= Director's law =

Economic theory

Director's law states that the bulk of public programs are designed primarily to benefit the middle classes, but are financed by taxes paid primarily by the upper and lower classes. The empirically derived law was first proposed by economist Aaron Director.

The philosophy of Director's law is that, based on the size of its population and its aggregate wealth, the middle class will always be the dominant interest group in a modern democracy.

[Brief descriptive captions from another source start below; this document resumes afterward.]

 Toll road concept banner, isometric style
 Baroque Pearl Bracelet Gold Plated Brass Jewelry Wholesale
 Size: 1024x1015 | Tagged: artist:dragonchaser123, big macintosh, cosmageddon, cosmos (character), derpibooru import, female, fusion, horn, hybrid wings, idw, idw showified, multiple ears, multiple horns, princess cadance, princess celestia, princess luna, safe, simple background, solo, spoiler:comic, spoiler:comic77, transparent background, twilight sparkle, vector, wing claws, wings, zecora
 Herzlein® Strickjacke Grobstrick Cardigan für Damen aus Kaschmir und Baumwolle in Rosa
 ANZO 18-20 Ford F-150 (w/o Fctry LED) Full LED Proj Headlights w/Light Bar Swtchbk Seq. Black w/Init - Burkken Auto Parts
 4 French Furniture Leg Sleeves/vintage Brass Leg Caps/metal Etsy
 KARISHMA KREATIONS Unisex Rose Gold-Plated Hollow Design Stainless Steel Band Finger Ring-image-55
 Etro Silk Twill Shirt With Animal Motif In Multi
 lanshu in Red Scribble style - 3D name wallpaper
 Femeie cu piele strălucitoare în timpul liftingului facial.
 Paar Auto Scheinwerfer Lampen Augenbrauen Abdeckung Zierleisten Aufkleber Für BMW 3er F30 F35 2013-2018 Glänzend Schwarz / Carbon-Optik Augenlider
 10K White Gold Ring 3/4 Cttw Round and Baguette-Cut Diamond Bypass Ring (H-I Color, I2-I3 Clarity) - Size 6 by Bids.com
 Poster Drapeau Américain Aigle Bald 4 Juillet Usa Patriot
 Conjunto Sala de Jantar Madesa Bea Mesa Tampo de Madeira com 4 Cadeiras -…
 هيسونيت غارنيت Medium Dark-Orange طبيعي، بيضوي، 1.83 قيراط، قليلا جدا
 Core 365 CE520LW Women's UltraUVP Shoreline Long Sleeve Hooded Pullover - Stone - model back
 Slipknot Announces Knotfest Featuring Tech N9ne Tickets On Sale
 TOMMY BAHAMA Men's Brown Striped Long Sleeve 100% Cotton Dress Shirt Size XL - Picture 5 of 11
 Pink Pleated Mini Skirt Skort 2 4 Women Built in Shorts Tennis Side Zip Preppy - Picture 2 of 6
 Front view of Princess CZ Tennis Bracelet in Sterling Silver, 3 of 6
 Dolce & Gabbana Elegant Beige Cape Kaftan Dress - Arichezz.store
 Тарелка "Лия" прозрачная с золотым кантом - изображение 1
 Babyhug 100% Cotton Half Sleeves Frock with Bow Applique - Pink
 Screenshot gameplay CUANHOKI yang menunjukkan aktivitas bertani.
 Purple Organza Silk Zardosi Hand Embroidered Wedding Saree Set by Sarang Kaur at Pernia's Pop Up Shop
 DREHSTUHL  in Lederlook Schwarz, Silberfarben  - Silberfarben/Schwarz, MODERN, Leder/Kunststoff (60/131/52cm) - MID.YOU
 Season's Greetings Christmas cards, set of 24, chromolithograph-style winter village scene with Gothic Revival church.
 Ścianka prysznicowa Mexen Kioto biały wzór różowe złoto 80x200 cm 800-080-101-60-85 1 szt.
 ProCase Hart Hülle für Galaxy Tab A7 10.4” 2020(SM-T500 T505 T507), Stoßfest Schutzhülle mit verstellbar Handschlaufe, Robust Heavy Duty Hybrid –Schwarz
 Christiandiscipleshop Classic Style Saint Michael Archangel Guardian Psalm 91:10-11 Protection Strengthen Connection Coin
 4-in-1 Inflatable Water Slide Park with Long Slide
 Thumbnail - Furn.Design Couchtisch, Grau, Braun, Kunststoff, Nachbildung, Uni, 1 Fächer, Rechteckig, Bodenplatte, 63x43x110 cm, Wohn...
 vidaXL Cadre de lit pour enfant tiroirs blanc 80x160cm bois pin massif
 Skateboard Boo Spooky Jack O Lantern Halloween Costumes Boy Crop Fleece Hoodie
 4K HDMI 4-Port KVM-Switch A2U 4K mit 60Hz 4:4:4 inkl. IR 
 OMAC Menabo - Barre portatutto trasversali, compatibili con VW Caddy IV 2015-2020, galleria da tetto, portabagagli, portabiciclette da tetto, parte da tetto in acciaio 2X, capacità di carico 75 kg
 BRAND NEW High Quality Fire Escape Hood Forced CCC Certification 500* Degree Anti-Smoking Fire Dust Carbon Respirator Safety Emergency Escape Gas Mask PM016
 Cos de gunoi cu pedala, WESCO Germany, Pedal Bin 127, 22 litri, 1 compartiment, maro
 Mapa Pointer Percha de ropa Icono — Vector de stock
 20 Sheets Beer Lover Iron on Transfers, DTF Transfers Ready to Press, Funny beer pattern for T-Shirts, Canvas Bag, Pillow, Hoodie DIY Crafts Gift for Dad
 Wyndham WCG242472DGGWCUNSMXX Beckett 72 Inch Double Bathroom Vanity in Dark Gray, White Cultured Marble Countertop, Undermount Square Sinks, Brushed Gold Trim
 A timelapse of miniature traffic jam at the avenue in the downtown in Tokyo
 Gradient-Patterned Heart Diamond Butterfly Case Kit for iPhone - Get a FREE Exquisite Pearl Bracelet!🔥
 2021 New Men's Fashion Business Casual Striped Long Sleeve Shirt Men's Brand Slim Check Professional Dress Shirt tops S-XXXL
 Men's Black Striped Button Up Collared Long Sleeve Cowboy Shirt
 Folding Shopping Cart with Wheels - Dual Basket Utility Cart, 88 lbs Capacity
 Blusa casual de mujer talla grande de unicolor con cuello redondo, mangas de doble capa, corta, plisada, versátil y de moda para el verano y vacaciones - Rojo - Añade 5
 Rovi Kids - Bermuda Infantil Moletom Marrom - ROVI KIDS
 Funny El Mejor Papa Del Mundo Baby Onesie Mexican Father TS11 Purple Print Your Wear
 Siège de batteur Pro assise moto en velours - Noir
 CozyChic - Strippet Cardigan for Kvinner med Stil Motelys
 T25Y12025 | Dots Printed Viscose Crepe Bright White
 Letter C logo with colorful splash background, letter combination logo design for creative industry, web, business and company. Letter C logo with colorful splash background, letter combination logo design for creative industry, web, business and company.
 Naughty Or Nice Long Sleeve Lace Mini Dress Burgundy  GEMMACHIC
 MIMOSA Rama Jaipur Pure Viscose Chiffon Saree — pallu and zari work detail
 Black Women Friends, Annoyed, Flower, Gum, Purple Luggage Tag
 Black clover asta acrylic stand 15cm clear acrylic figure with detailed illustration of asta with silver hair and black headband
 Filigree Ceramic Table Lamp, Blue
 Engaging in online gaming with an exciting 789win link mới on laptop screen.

As such, it will use its influence to maximize the state benefits it receives and minimize the portion of costs it bears.

The logic for the law is developed as follows:
- In theory, one would imagine that the most likely voting bloc would arise from the bottom 51 percent of society aligning to accrue benefits at the expense of the top 49 percent
- However, the conditions that may cause people to be in the lower income stratas are the same conditions that prevent them from organizing effectively as a cohesive unit
- Furthermore, the highest-income voters are also excluded because the value of taxing them more outweighs the contribution of their votes
- In the absence of the lowest income voters, the middle 51 percent align to push legislation that benefit themselves at the expense of the lowest and highest strata of earners

In addition, the law can explain the range of public perception of various government programs:
- Direct welfare payments, disproportionately received by the poor, are generally maligned
- Support of state colleges / universities and education debt forgiveness, which disproportionately affect the middle class, are very well regarded politically

The law bears some resemblance to Chinese Communist theory, which stipulates similarly that Communist revolution cannot come from the uneducated proletariat (as originally stipulated by Marx et al.) for similar reasons, but instead must be ushered in by the educated classes.

Milton Friedman used Director's law in his lectures to argue against the notion that governments benefited the poor at the expense of the rich.